The tropics react to the ice ages
The onset of the intensification of Northern Hemisphere glaciation did not just affect the high latitudes. It seems half a million years after the start of the Great Ice Ages things changed in the tropics. Before 2 million years it seems there was a very slight east-west sea-surface temperature gradient in the Pacific Ocean, but this gradient later grew, showing a switch in the tropics and subtropics to a modern mode of circulation with relatively strong Walker Circulation and cool subtropical temperatures. The Walker Circulation is the atmospheric east-west component of the Hadley Cell and is instrumental in controlling rainfall in the tropics. The Walker Circulation is also a key element in the El Niño–Southern Oscillation (ENSO). So before 2 million years ago, ENSO may not have existed in its modern form because there was a relatively weak Walker Circulation. The development of the Walker Circulation also seems to be linked to early human evolution. The strengthening of the east-west circulation seems to have produced deep, fresh but ephemeral lakes in the East African Rift. It has recently been postulated that this distinctive climate pulse with rapid appearance and disappearance of lakes at about 2 million years may be linked with the evolution of Homo erectus in Africa with an over 80 per cent increase in brain size and our ancestors migrating out of Africa for the very first time.

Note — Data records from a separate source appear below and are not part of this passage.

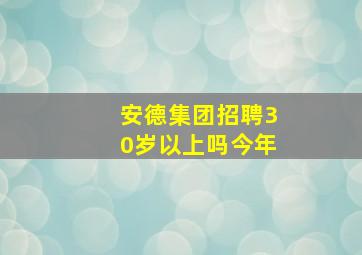 安德集团招聘30岁以上吗今年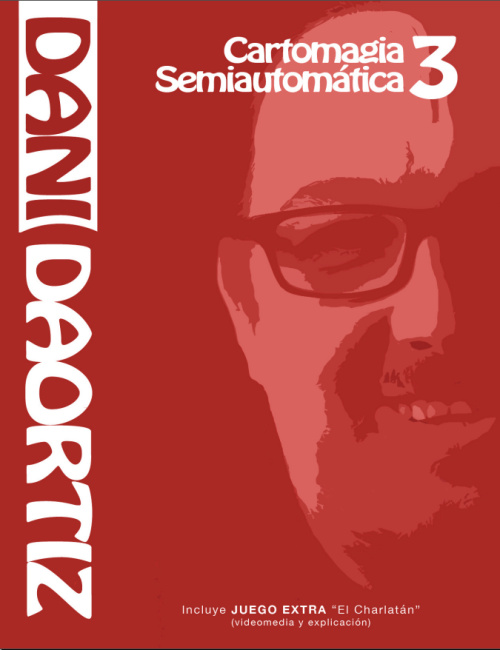 Dani Daortiz - Cartomagia Semiautomática 3 (Spanish PDF eBook Download)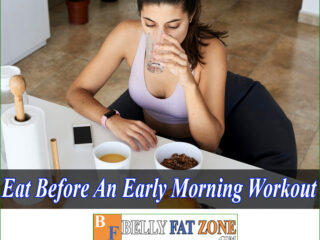 What is The Best Thing to Eat Before an Early Morning Workout?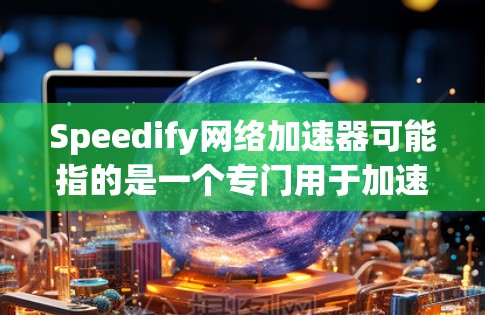 Speedify网络加速器可能指的是一个专门用于加速网络的工具，通常包括免费版和付费版。以下是一些常见的网络加速器及其特点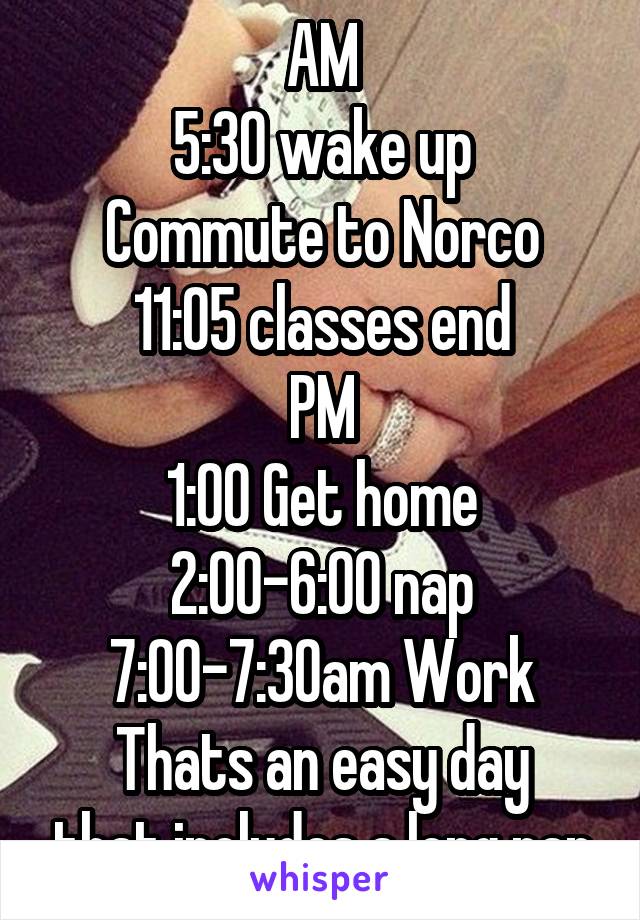 AM
5:30 wake up
Commute to Norco
11:05 classes end
PM
1:00 Get home
2:00-6:00 nap
7:00-7:30am Work
Thats an easy day that includes a long nap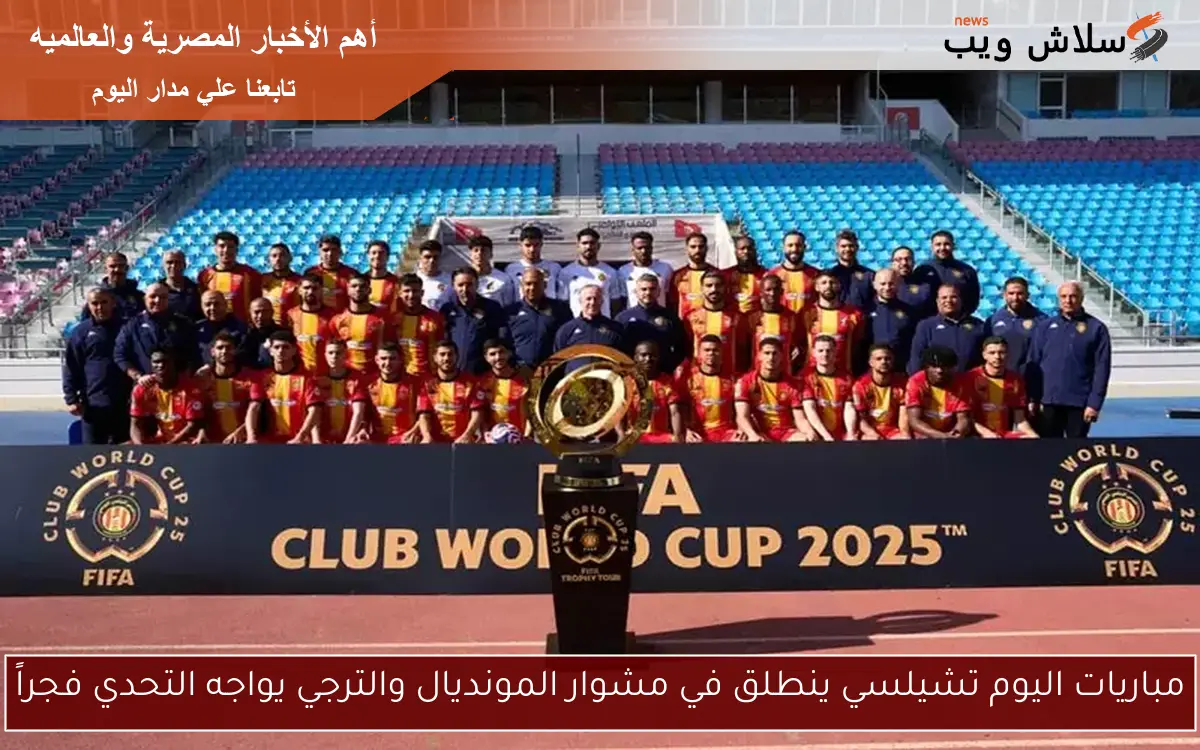 مباريات اليوم تشيلسي ينطلق في مشوار المونديال والترجي يواجه التحدي فجراً 2 مباريات اليوم تشيلسي ينطلق في مشوار المونديال والترجي يواجه التحدي فجراً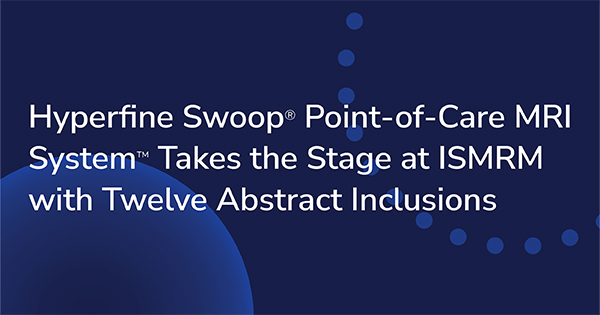 Hyperfine Swoop® Point-of-Care MRI System™ Takes the Stage at ISMRM with Twelve Abstract Inclusions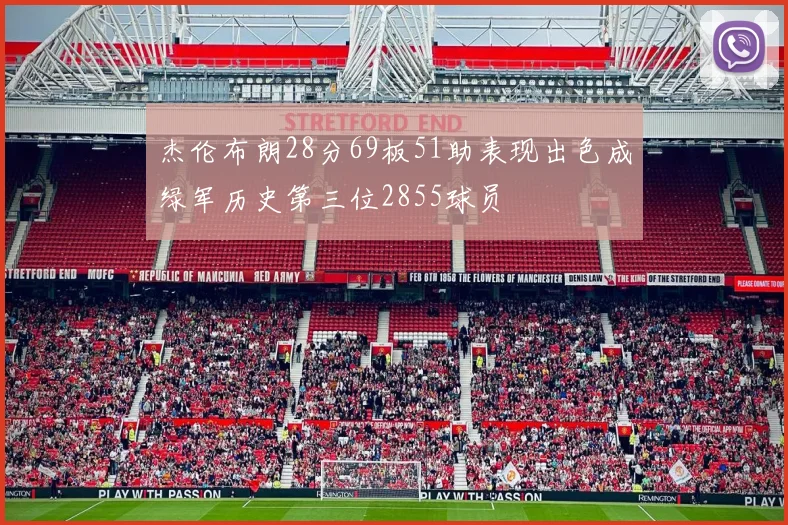 杰伦布朗28分69板51助表现出色成绿军历史第三位2855球员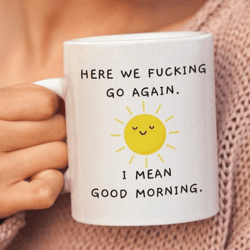 here we fucking go again mug, coworker gift funny, work mug, sassy gag gift mugs for her, office cute mugs. white coffee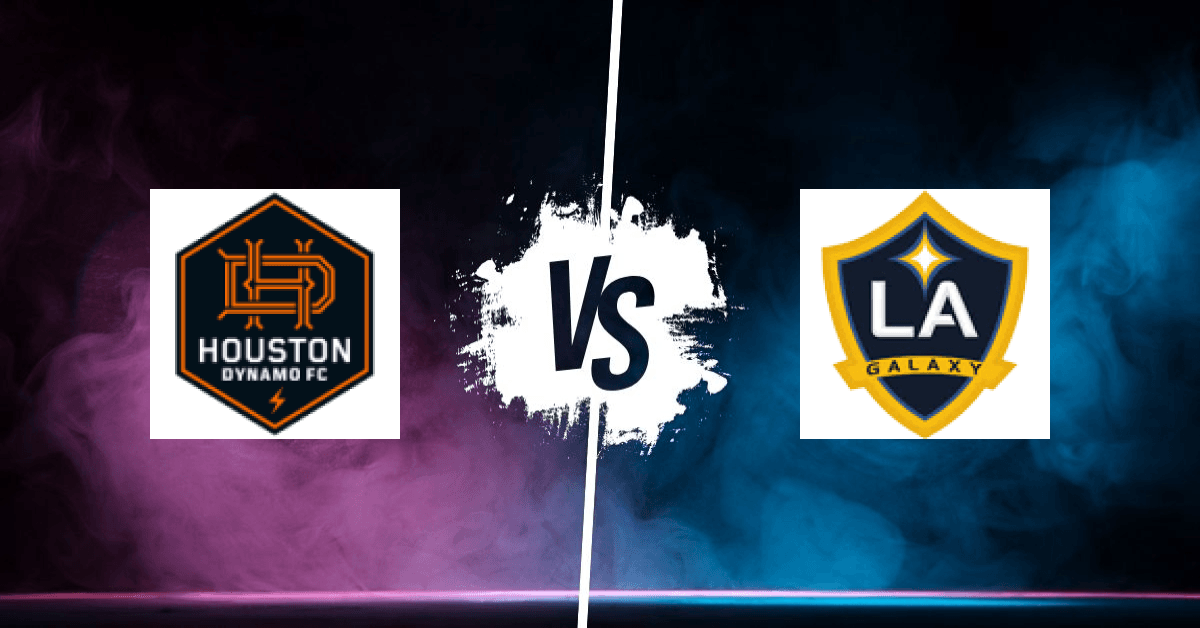 PRONOSTIC DYNAMO HOUSTON – LA GALAXY, MLS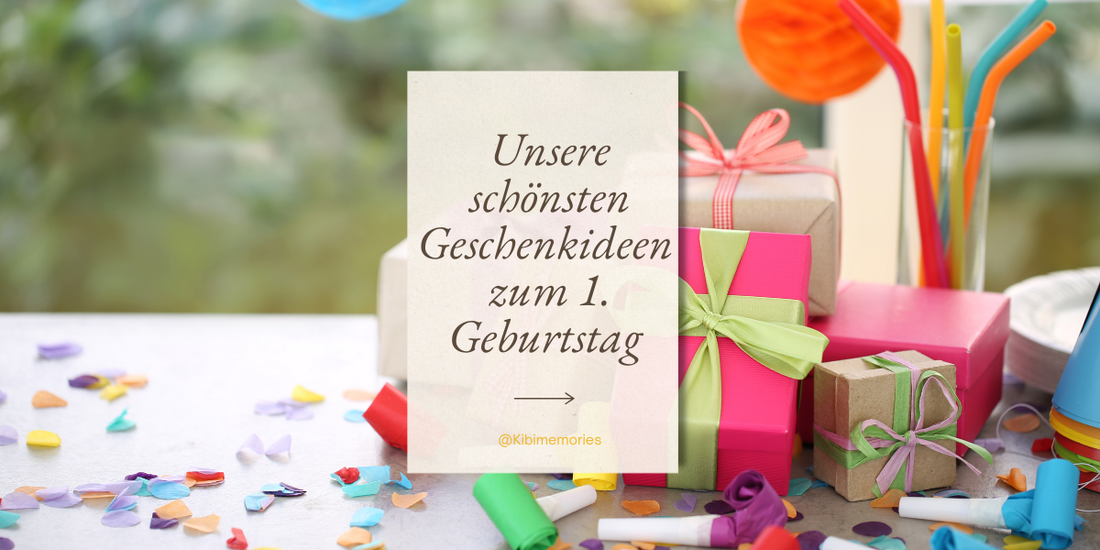 Unsere schönsten Geschenkideen zum 1. Geburtstag Baby von Kibimemories personalisierte Produkte mit tollen Geschenkideen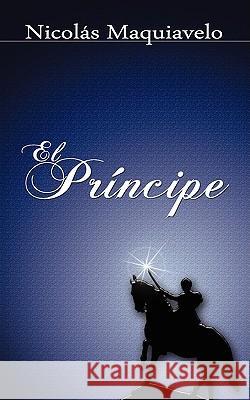 El Principe / The Prince Niccolo Machiavelli Nicolas Maquiavelo 9789650060398 WWW.Bnpublishing.Net - książka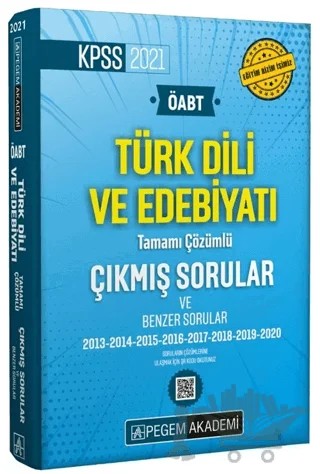 2021 ÖABT Türk Dili ve Edebiyatı Öğretmenliği Tamamı Çözümlü Çıkmış ve Benzer Sorular – Kolektif – Pegem Akademi Yayıncılık kitap kapağı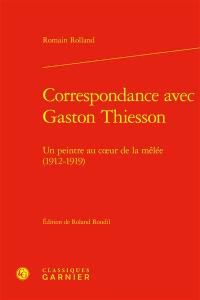 Correspondance avec Gaston Thiesson : un peintre au coeur de la mêlée (1912-1919)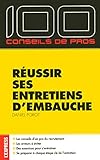100 conseils de pros réussir ses entretiens d'embauche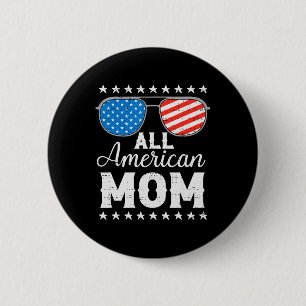 All American Mom 4. Juli Patriotische Usa-Familie Button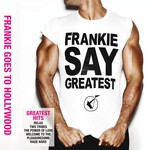 cover: Frankie Goes To Hollywood - Frankie Say Greatest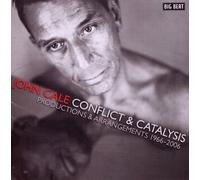 Cale, John.=v – Conflict & Catalysis : Productions And Arrangements 1966-2006 – Import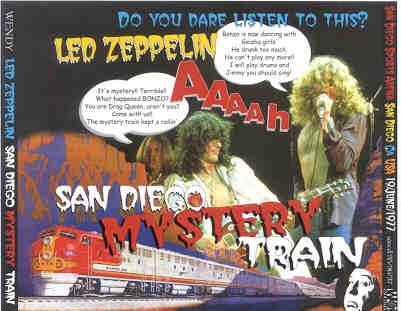 Led Zeppelin – San Diego Mystery Train ( 3 CD set ) ( Wendy ) (San Diego , California , USA , June 19th , 1977 ) front cover Led Zeppelin - San Diego Mystery Train ( 3 CD set ) ( Wendy ) (San Diego , California , USA , June 19th , 1977 ) front cover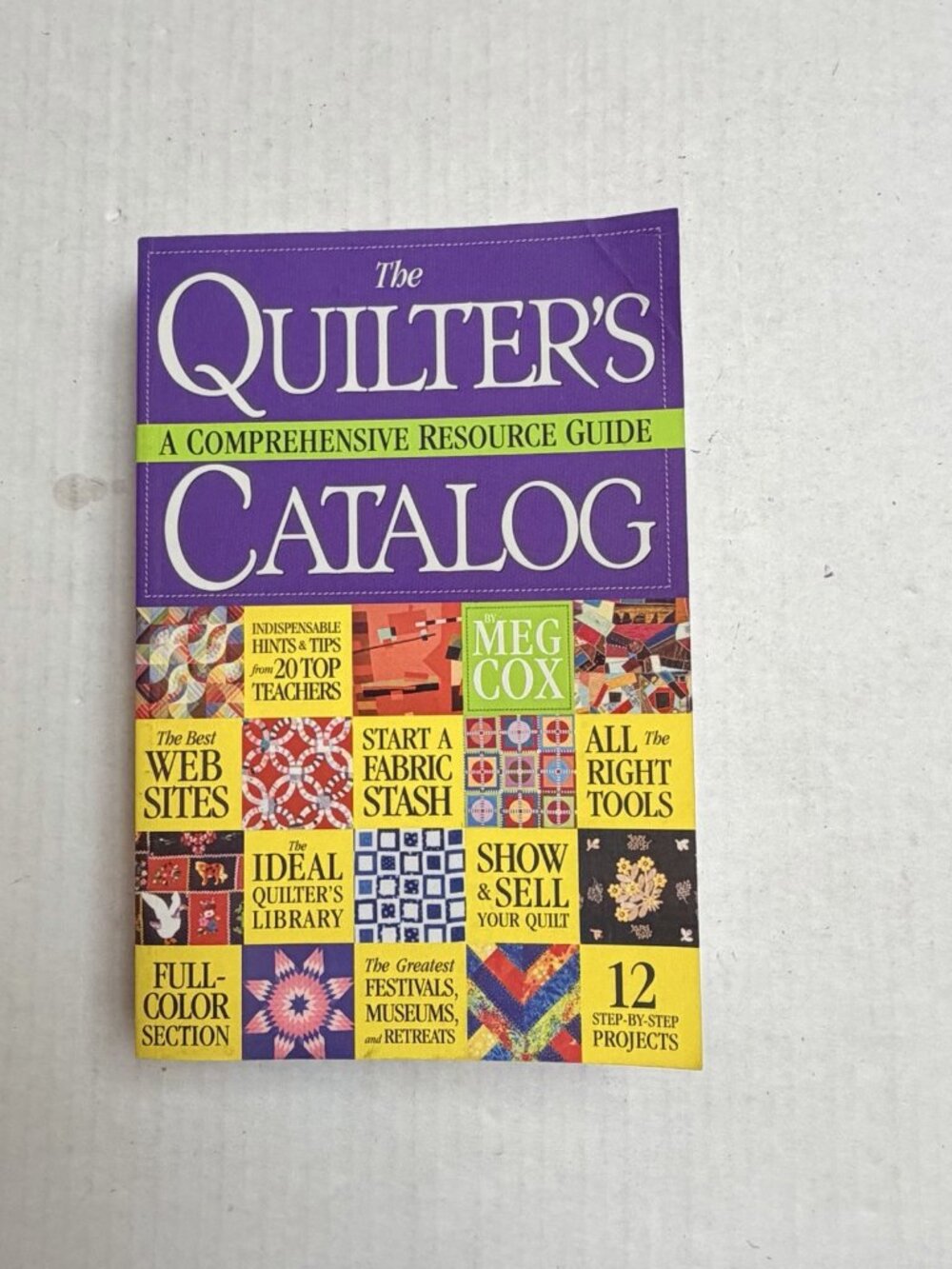 Quilter's Catalog A Comprehensive Resource Guide Techiqinues Crafts
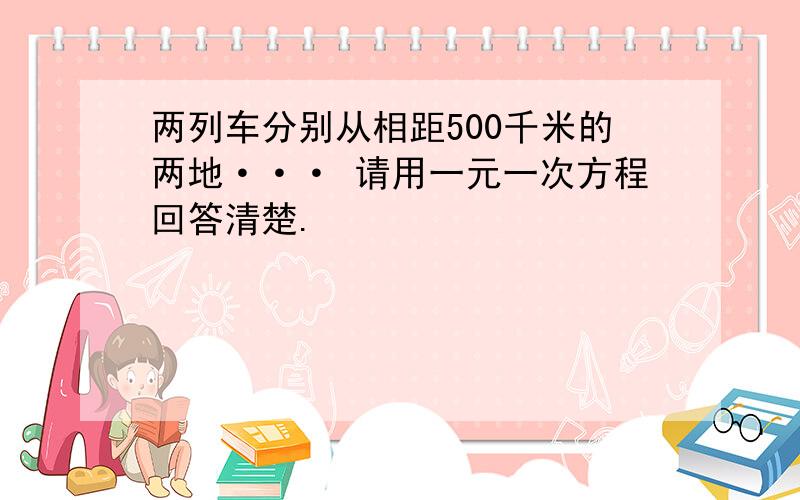 两列车分别从相距500千米的两地··· 请用一元一次方程回答清楚.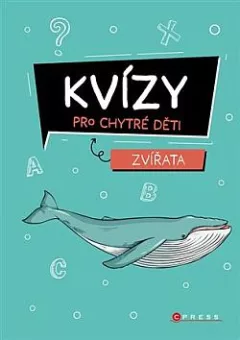 Kvízy pro chytré děti: Zvířata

Mid-Pleistocene Transition
Mid-Pleistocene Transition (MPT) is the marked prolongation and intensification of glacial-interglacial climate cycles that occurred sometime after 800,000 years ago. Prior to the MPT, the glacial-interglacial cycles seem to occur every 41,000 years, which corresponds to the slow changes in the tilt of the Earth. After about 800,000 years ago the glacial-interglacial cycles seem to be much longer, averaging over 100,000 years. The shape of these cycles also changes. Before the MPT the transition between glacial and interglacial periods is smooth and the world seemed to spend about equal time in each climate. After the MPT the cycles became saw-toothed with ice building up over 80,000 years to produce deep, intense ice ages and then rapid deglaciation, with the loss of all that ice within 4,000 years. The climate then stayed in an interglacial period resembling our current climate for about 10,000 years before descending back into an ice age. One suggestion for this saw-toothed pattern is that the much larger ice sheets are very unstable and therefore with a slight change in climate they collapsed rapidly and the whole climate system rebounded back into an interglacial period.